Task directions:
Each record beneath this line should be returned exactly as it is.

Extracted entries:
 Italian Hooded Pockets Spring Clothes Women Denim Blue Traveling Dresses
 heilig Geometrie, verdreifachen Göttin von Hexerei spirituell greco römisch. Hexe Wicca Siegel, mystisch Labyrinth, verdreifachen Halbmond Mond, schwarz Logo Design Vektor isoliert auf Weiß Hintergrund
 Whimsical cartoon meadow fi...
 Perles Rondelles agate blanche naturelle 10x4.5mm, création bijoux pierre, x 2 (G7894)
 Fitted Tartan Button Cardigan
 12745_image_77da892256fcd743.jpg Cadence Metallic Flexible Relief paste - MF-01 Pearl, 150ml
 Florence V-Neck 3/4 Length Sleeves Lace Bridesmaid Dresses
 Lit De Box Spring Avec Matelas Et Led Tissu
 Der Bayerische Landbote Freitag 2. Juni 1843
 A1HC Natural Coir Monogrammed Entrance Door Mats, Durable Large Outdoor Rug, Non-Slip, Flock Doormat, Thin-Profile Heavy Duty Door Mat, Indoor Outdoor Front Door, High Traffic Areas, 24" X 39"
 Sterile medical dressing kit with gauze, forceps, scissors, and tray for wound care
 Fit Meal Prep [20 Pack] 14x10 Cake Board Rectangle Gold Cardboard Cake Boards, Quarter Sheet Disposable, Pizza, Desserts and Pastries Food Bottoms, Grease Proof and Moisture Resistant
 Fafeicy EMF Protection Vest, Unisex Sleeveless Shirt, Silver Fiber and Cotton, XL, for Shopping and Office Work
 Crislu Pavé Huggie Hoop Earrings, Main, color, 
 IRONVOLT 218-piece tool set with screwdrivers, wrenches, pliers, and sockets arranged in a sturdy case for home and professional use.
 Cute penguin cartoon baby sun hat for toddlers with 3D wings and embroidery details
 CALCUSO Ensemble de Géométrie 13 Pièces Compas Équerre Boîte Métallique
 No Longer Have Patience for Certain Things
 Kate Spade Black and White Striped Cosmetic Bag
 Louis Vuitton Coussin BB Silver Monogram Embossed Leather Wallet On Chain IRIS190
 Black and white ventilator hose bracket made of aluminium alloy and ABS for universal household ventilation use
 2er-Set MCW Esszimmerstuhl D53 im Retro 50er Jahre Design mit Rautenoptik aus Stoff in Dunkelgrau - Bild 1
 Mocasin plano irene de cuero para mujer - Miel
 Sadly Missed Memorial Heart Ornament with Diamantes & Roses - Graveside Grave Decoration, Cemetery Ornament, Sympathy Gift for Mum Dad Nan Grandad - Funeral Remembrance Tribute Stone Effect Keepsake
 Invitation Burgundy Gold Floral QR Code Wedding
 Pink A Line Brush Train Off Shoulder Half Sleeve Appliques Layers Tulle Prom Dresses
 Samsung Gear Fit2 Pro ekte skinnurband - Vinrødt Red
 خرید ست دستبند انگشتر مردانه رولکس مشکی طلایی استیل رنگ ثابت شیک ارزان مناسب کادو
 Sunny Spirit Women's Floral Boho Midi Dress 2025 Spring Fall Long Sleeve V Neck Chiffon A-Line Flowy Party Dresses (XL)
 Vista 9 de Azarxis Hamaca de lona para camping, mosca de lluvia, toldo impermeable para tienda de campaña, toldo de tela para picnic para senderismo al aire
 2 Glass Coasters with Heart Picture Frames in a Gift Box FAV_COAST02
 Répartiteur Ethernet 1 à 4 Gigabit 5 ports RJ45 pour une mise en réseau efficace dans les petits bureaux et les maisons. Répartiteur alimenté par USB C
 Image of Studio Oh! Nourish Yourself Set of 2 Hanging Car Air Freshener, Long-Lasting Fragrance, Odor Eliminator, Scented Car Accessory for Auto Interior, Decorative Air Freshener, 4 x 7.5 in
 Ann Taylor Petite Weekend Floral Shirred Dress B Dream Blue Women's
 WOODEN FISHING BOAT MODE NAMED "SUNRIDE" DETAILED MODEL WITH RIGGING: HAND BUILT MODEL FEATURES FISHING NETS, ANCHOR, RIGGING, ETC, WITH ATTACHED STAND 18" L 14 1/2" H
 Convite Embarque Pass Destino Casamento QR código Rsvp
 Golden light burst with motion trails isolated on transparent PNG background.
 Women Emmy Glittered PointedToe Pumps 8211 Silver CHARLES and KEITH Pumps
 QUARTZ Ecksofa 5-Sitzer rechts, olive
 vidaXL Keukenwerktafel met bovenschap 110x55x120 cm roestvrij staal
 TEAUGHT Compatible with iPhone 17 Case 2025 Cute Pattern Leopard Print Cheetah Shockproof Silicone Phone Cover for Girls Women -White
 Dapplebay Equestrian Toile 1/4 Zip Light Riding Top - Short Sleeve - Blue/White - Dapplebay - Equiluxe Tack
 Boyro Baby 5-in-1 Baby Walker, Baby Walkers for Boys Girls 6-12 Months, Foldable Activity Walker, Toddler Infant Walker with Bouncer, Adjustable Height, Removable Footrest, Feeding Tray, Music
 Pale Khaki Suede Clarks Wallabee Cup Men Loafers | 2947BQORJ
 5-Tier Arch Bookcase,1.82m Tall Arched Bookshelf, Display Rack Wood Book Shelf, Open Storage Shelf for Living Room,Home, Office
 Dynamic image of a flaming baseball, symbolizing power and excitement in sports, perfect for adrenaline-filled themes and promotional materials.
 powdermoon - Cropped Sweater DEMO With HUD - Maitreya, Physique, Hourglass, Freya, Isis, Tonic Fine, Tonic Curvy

Finished exercise:
 Italian Hooded Pockets Spring Clothes Women Denim Blue Traveling Dresses
 heilig Geometrie, verdreifachen Göttin von Hexerei spirituell greco römisch. Hexe Wicca Siegel, mystisch Labyrinth, verdreifachen Halbmond Mond, schwarz Logo Design Vektor isoliert auf Weiß Hintergrund
 Whimsical cartoon meadow fi...
 Perles Rondelles agate blanche naturelle 10x4.5mm, création bijoux pierre, x 2 (G7894)
 Fitted Tartan Button Cardigan
 12745_image_77da892256fcd743.jpg Cadence Metallic Flexible Relief paste - MF-01 Pearl, 150ml
 Florence V-Neck 3/4 Length Sleeves Lace Bridesmaid Dresses
 Lit De Box Spring Avec Matelas Et Led Tissu
 Der Bayerische Landbote Freitag 2. Juni 1843
 A1HC Natural Coir Monogrammed Entrance Door Mats, Durable Large Outdoor Rug, Non-Slip, Flock Doormat, Thin-Profile Heavy Duty Door Mat, Indoor Outdoor Front Door, High Traffic Areas, 24" X 39"
 Sterile medical dressing kit with gauze, forceps, scissors, and tray for wound care
 Fit Meal Prep [20 Pack] 14x10 Cake Board Rectangle Gold Cardboard Cake Boards, Quarter Sheet Disposable, Pizza, Desserts and Pastries Food Bottoms, Grease Proof and Moisture Resistant
 Fafeicy EMF Protection Vest, Unisex Sleeveless Shirt, Silver Fiber and Cotton, XL, for Shopping and Office Work
 Crislu Pavé Huggie Hoop Earrings, Main, color, 
 IRONVOLT 218-piece tool set with screwdrivers, wrenches, pliers, and sockets arranged in a sturdy case for home and professional use.
 Cute penguin cartoon baby sun hat for toddlers with 3D wings and embroidery details
 CALCUSO Ensemble de Géométrie 13 Pièces Compas Équerre Boîte Métallique
 No Longer Have Patience for Certain Things
 Kate Spade Black and White Striped Cosmetic Bag
 Louis Vuitton Coussin BB Silver Monogram Embossed Leather Wallet On Chain IRIS190
 Black and white ventilator hose bracket made of aluminium alloy and ABS for universal household ventilation use
 2er-Set MCW Esszimmerstuhl D53 im Retro 50er Jahre Design mit Rautenoptik aus Stoff in Dunkelgrau - Bild 1
 Mocasin plano irene de cuero para mujer - Miel
 Sadly Missed Memorial Heart Ornament with Diamantes & Roses - Graveside Grave Decoration, Cemetery Ornament, Sympathy Gift for Mum Dad Nan Grandad - Funeral Remembrance Tribute Stone Effect Keepsake
 Invitation Burgundy Gold Floral QR Code Wedding
 Pink A Line Brush Train Off Shoulder Half Sleeve Appliques Layers Tulle Prom Dresses
 Samsung Gear Fit2 Pro ekte skinnurband - Vinrødt Red
 خرید ست دستبند انگشتر مردانه رولکس مشکی طلایی استیل رنگ ثابت شیک ارزان مناسب کادو
 Sunny Spirit Women's Floral Boho Midi Dress 2025 Spring Fall Long Sleeve V Neck Chiffon A-Line Flowy Party Dresses (XL)
 Vista 9 de Azarxis Hamaca de lona para camping, mosca de lluvia, toldo impermeable para tienda de campaña, toldo de tela para picnic para senderismo al aire
 2 Glass Coasters with Heart Picture Frames in a Gift Box FAV_COAST02
 Répartiteur Ethernet 1 à 4 Gigabit 5 ports RJ45 pour une mise en réseau efficace dans les petits bureaux et les maisons. Répartiteur alimenté par USB C
 Image of Studio Oh! Nourish Yourself Set of 2 Hanging Car Air Freshener, Long-Lasting Fragrance, Odor Eliminator, Scented Car Accessory for Auto Interior, Decorative Air Freshener, 4 x 7.5 in
 Ann Taylor Petite Weekend Floral Shirred Dress B Dream Blue Women's
 WOODEN FISHING BOAT MODE NAMED "SUNRIDE" DETAILED MODEL WITH RIGGING: HAND BUILT MODEL FEATURES FISHING NETS, ANCHOR, RIGGING, ETC, WITH ATTACHED STAND 18" L 14 1/2" H
 Convite Embarque Pass Destino Casamento QR código Rsvp
 Golden light burst with motion trails isolated on transparent PNG background.
 Women Emmy Glittered PointedToe Pumps 8211 Silver CHARLES and KEITH Pumps
 QUARTZ Ecksofa 5-Sitzer rechts, olive
 vidaXL Keukenwerktafel met bovenschap 110x55x120 cm roestvrij staal
 TEAUGHT Compatible with iPhone 17 Case 2025 Cute Pattern Leopard Print Cheetah Shockproof Silicone Phone Cover for Girls Women -White
 Dapplebay Equestrian Toile 1/4 Zip Light Riding Top - Short Sleeve - Blue/White - Dapplebay - Equiluxe Tack
 Boyro Baby 5-in-1 Baby Walker, Baby Walkers for Boys Girls 6-12 Months, Foldable Activity Walker, Toddler Infant Walker with Bouncer, Adjustable Height, Removable Footrest, Feeding Tray, Music
 Pale Khaki Suede Clarks Wallabee Cup Men Loafers | 2947BQORJ
 5-Tier Arch Bookcase,1.82m Tall Arched Bookshelf, Display Rack Wood Book Shelf, Open Storage Shelf for Living Room,Home, Office
 Dynamic image of a flaming baseball, symbolizing power and excitement in sports, perfect for adrenaline-filled themes and promotional materials.
 powdermoon - Cropped Sweater DEMO With HUD - Maitreya, Physique, Hourglass, Freya, Isis, Tonic Fine, Tonic Curvy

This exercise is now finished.